TASK PROMPT → The reply to the records below should contain exactly the lines from the line with "CD 25 V-neck" through the line with "Buy Google Voice", and nothing besides.
_ _ _ _ _ _ _
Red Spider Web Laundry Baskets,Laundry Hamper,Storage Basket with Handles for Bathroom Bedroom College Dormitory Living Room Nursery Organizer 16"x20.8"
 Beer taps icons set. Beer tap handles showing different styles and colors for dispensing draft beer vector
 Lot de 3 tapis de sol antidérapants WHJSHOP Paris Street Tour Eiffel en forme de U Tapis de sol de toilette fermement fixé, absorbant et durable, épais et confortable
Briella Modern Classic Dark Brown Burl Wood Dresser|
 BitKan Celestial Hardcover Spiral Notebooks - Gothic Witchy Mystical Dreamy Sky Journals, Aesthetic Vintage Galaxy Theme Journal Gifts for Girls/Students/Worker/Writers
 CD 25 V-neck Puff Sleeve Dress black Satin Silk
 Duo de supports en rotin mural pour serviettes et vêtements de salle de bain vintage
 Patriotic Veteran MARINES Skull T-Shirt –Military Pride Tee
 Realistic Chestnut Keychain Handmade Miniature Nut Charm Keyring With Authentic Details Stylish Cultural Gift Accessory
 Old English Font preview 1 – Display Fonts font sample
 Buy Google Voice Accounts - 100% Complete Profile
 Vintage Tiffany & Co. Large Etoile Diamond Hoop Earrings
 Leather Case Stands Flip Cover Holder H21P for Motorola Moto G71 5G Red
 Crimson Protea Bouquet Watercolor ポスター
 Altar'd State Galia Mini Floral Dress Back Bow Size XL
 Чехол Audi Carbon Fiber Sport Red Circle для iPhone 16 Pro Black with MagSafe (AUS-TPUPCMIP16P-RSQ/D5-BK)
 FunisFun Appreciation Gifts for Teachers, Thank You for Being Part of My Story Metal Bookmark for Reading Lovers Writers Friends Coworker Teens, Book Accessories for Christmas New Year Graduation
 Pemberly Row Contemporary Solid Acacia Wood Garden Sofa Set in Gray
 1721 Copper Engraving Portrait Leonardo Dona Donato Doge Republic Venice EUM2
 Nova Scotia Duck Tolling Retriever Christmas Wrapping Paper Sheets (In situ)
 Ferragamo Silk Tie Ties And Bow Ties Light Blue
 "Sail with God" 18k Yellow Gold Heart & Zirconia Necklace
_ _ _ _ _ _ _
ANSWER TO THIS PROBLEM →
 CD 25 V-neck Puff Sleeve Dress black Satin Silk
 Duo de supports en rotin mural pour serviettes et vêtements de salle de bain vintage
 Patriotic Veteran MARINES Skull T-Shirt –Military Pride Tee
 Realistic Chestnut Keychain Handmade Miniature Nut Charm Keyring With Authentic Details Stylish Cultural Gift Accessory
 Old English Font preview 1 – Display Fonts font sample
 Buy Google Voice Accounts - 100% Complete Profile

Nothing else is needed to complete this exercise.